An IP address isn't PII, an IP address linked to a specific username can be PII and would need appropriate protecting.

Kind Regards,
Wayne

Community Champion

Re: Privacy Scanning

Like Wayne said, the key to avoiding privacy violations is informed consent. By that I mean in order to use our services (and "our" in this connotation means your company's devices) (i.e. network, end-user devices, Internet access devices, etc.) you consent to being monitored or else you don't use our stuff.

We do this through the logon screen prompt and we also cover it in our Rules of Behavior document and security awareness training.

 

Advocate I

Re: Privacy Scanning

I would also add you need to understand the local laws and regulations where you're doing the inspection. If they say you can't do this then it doesn't matter what your own policies say. e.g. This would have been illegal in Germany prior to the GDPR coming into effect.

 

Contributor II

Re: Privacy Scanning


@iluom wrote:

I'm using a MITM Proxy to be able eavesdrop HTTPS communication for malicious content

[snip]

In this scenario am i violating privacy requirements?


I'd say absolutely. HTTPS implies end-to-end encryption.
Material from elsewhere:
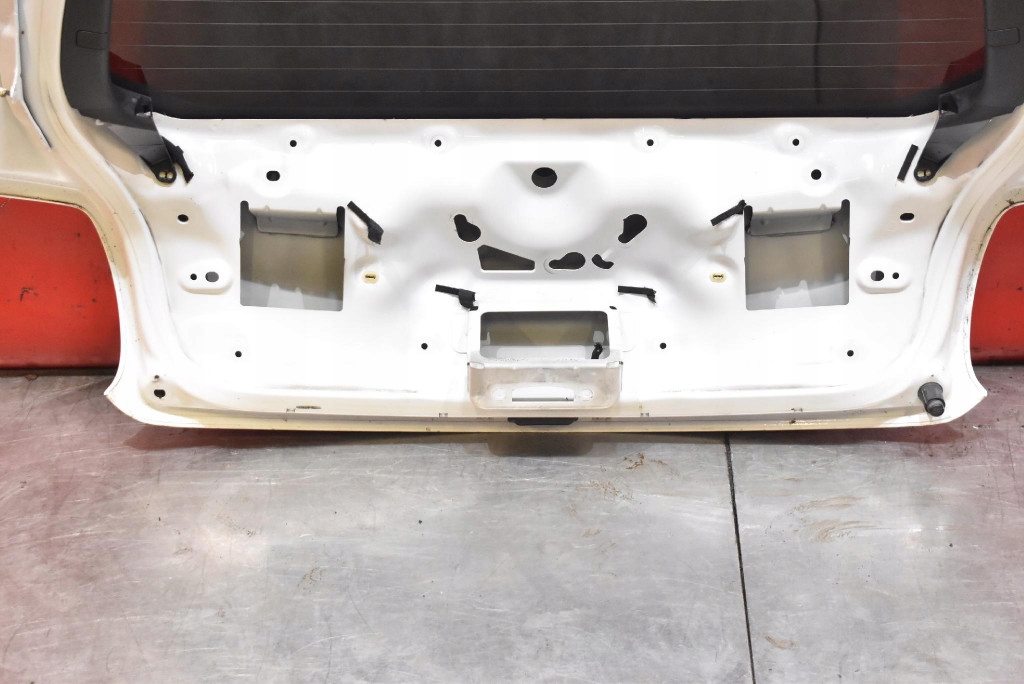 trunk door boot rear part rear BIALA CITROEN DS3 10-14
The user's expectation is that no one (or thing) should be able to read what is sent back and forth - regardless of the intent of the third party.

Highlighted
Contributor I

Re: Privacy Scanning

 

So, the message is..

 

If you are not supposed to recognize a person in disguise at your entrance gate, and should be allowed in THEN you have to have so many measures, controls, techniques, protections, assumptions, tools.....complicated...which sounds ridiculous 

 

Nitty-gritty is  one should be able to anticipate and take measures for all the attacks in the world they could face in their systems. 

 

By allowing the traffic as it is ...and leave the problem(responsibility of securing) to the prowess of network applications, EDR, DB Systems and application software.

 

 

 

 

Mouli, CISSP
Contributor I

Re: Privacy Scanning

 

Malware packed executables that can lead to malicious file execution attacks, image tag injection with HTML content and scripts that can lead to XSS and clickjacking attacks, unsanitized Mashup content and HTML5 tag abuse attacks are some examples of how the content can be used as an attack vector.

 

So if content scanning is necessarily restricted for scanning due to privacy, then the software (applications) should be resilient enough to withstand or thwart the above mentioned attacks...seems Defense in Depth principle is being diluted or unevenly distributed

 

If more security is required ...should shed some privacy... they are never complementary each other..

 

 

 

 

Mouli, CISSP
Newcomer II

Re: Privacy Scanning

Consent first and foremost and remember to configure your proxy to bypass personally sensitive sites such as banking sites etc. ie. you proxy should not inspect these sites at all.

Contributor II

Re: Privacy Scanning


@iluom wrote:

So if content scanning is necessarily restricted for scanning due to privacy, then the software (applications) should be resilient enough to withstand or thwart the above mentioned attacks...seems Defense in Depth principle is being diluted or unevenly distributed

 


The core issue legally and ethically is a reasonable expectation of privacy. HTTPS is supposed to represent end-to-end encryption. If you want to scan all traffic, disable HTTPS - don't give users a sense that their communications are encrypted from end-to-end. The other way of looking at this is that while there may be a threat in an encrypted channel, it still needs the vulnerability on the target system/network to materialize. I don't think ensuring privacy dilutes defense in depth. As you noted, the scenario you depict is essentially a man in the middle mechanism. If an organization can provide absolute assurance that it won't be abused, then shouldn't it be able to provide absolute assurance that its systems have been hardened (i.e. can withstand an attack via an encrypted channel)? Similarly, if it can't provide the assurance that a system isn't vulnerable to some encrypted attack, then it also can't be assured that its scanning of encrypted traffic can't be abused either.